Vejo pessoas de bom coração conclamando a nação para que torça contra a seleção brasileira na Copa do Mundo. O nobre objetivo dessa convocação é dar um recado aos políticos de que essa Copa não nos interessa, a menos que hospitais, escolas e policiamento fossem de padrão FIFA.
Mas por essa lógica, se eu já existisse em 1970, eu deveria ter torcido contra Rivelino, Jairzinho, Tostão e Pelé para que o povo brasileiro abrisse os olhos e visse a sanguinolência da ditadura militar.
Peço desculpas, mas não vou engrossar o coro dos contrários. Não me levem a mal. Não sou torcedor de soltar fogos, não choro nem quando meu time perde nem quando ganha. Também não comprei ingressos para a Copa, nem mesmo pra assistir o clássico das mil e uma noites insones Irã x Nigéria, que será aqui no quintal de casa. Quase não sou um torcedor, sou um espectador que gosta de ver um bom espetáculo (seja um filme, um concerto ou uma partida esportiva).
Mas não vou deixar que a arrogância da FIFA, que a petulância dos corruptos, que a má gerência do governo tirem de mim o gosto pelo futebol bem jogado, o raro prazer de assistir um bom espetáculo de futebol, seja do Brasil, da Espanha, da Alemanha, da Holanda, da Argentina (não, da Argentina, não).

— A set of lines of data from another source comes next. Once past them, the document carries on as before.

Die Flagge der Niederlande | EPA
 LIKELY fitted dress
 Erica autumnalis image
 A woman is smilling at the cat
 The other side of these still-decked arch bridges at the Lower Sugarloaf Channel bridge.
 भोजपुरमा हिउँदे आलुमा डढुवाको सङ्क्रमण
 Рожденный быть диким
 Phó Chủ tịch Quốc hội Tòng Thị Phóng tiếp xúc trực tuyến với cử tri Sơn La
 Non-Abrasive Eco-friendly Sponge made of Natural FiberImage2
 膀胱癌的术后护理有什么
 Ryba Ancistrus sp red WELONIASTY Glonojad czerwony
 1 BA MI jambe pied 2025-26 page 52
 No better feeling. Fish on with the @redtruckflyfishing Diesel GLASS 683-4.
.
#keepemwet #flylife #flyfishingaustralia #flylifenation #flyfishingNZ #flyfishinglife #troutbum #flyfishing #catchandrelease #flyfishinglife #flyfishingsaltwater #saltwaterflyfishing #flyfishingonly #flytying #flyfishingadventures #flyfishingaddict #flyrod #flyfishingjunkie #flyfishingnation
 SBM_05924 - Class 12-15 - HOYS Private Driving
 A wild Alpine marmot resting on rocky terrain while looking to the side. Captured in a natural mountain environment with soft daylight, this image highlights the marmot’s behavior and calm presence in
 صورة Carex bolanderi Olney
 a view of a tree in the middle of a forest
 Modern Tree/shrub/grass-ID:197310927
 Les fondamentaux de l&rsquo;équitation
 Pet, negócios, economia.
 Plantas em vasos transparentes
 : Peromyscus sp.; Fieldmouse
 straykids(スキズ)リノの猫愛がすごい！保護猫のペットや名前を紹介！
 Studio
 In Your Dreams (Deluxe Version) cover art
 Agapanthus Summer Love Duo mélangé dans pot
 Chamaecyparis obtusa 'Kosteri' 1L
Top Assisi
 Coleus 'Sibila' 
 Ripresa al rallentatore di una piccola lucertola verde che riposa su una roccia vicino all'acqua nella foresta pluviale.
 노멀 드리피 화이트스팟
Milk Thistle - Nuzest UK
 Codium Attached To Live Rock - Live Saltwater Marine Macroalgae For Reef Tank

Mais ainda: a seleção nacional não é uma propriedade da CBF, embora essa entidade malfazeja pense que é. A seleção brasileira, com o passar dos tempos e dos títulos, se tornou um símbolo nacional tão inalienável quanto a bandeira e o Hino.
Onde já se viu torcer contra a seleção como se isso fosse uma punição à corja que subtrai nossos mil-réis diuturnamente? Vão querer que eu também rasgue a partitura do hino, que eu queime a bandeira em praça pública como um talibã antiCopa enlouquecido?
Menos, amigos, menos. Não estou satisfeito com os rumos do PT, não vou com a cara do PSDB, e quero distância de assembleias do Psol, mas não quero que o Brasil perca só pra satisfazer o antipetismo do mesmo modo que eu não tomaria um banho demorado como se isso fosse prejudicar o governador Geraldo Alckmin.
Então, não me chamem pra desligar a TV e ler um livro na hora do jogo do Brasil. Quero estar lúcido e ligado, nem que seja para ver o Brasil perder a Copa. Se os governos fazem uso dos triunfos esportivos para fazer um lifting na sua imagem popular, o que querem que eu faça?
Querem que eu torça contra o Felipão, contra o Bernardinho, contra a Sheila, contra o César Cielo? Posso não curtir um esporte ou outro, mas vou torcer pela derrota dos meus conterrâneos porque isso supostamente desencantará o povo que, então, movido pelos ideais iluministas, vai torcer e lutar por educação, saúde e emprego com o mesmo empenho com que torcia pela seleção? Me poupem desse antitriunfalismo tão ridículo e romântico quanto o ufanismo.
Eu era um guri de 10 anos quando a geração de Zico, Junior, Falcão e Sócrates frustrou minhas mais doces ilusões de vitória na Copa de 1982. Eu deveria ter torcido contra a seleção porque o país vivia o final dos anos de chumbo da ditadura militar? Eu devia ter pulado e cantado a Marselhesa após a humilhação imposta por Zidane e cia. à seleção canarinho em 1998 só para manchar a reputação do governo FHC? Parei por aqui.
Torcer contra a Copa não vai redirecionar a dinheirama desperdiçada nos estádios e obras eternamente inacabadas. Vou assistir a Copa, vou deixar meu filho torcer e quem sabe se desencantar, vou deixar meus moleques serem felizes ou desiludidos com o futebol por conta deles.
Nem por isso vou deixar de denunciar a impunidade, de ficar alerta quanto à desonestidade, à má gestão e ao pecado da nossa hipocrisia, que fala mal da FIFA e do futebol mas não se nega a andar de carro pelas obras do (mini)legado da Copa. Fica combinado: não me chamem pra torcer contra o Brasil na Copa.
Comentários
Andas na trilha de Paulo meu amigo, e dizes palavras "de verdade de bom senso" (Atos 26:25)
sucesso!
Eu conheco o país que nasci, mais de 80% sao ignorantes que acreditam que futebol influi em suas vidas. A unica chance de o PT perder popularidade é o povo cair na real e isso se conseguiria perdendo a Copa. Copas tem muitas outras pela frente, Brasil já tem 5 é mais que suficiente, país mesmo nao tem nenhum! Prefiro que o Brasil PERCA.